What you need to do | Starting with the line that has "Librarian Unicorn Kids" and finishing with the line that has "猫砂飛び散り防止 ネコ HEBENA", set down each line below exactly. Pictures are not copied.

(Entries supplied Opens)

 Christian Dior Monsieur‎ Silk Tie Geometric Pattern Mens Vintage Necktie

(Entries supplied Closes)
(Entries supplied Opens)

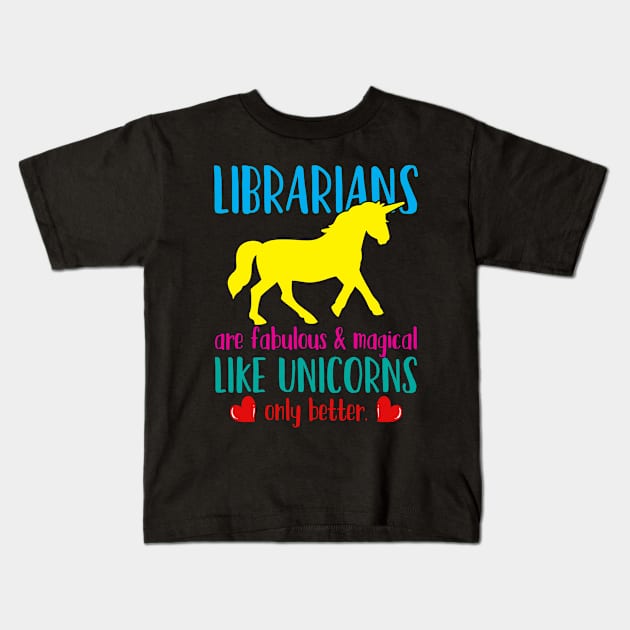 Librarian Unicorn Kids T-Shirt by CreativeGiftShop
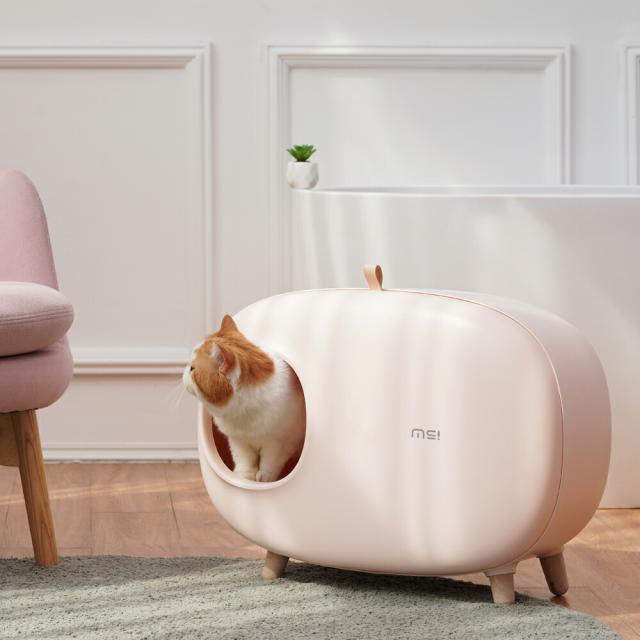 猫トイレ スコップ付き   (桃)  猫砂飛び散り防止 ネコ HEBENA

(Entries supplied Closes)
(Entries supplied Opens)

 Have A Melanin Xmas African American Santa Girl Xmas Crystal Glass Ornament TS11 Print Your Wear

(Entries supplied Closes)

Response area |
 Librarian Unicorn Kids T-Shirt by CreativeGiftShop
 猫トイレ スコップ付き   (桃)  猫砂飛び散り防止 ネコ HEBENA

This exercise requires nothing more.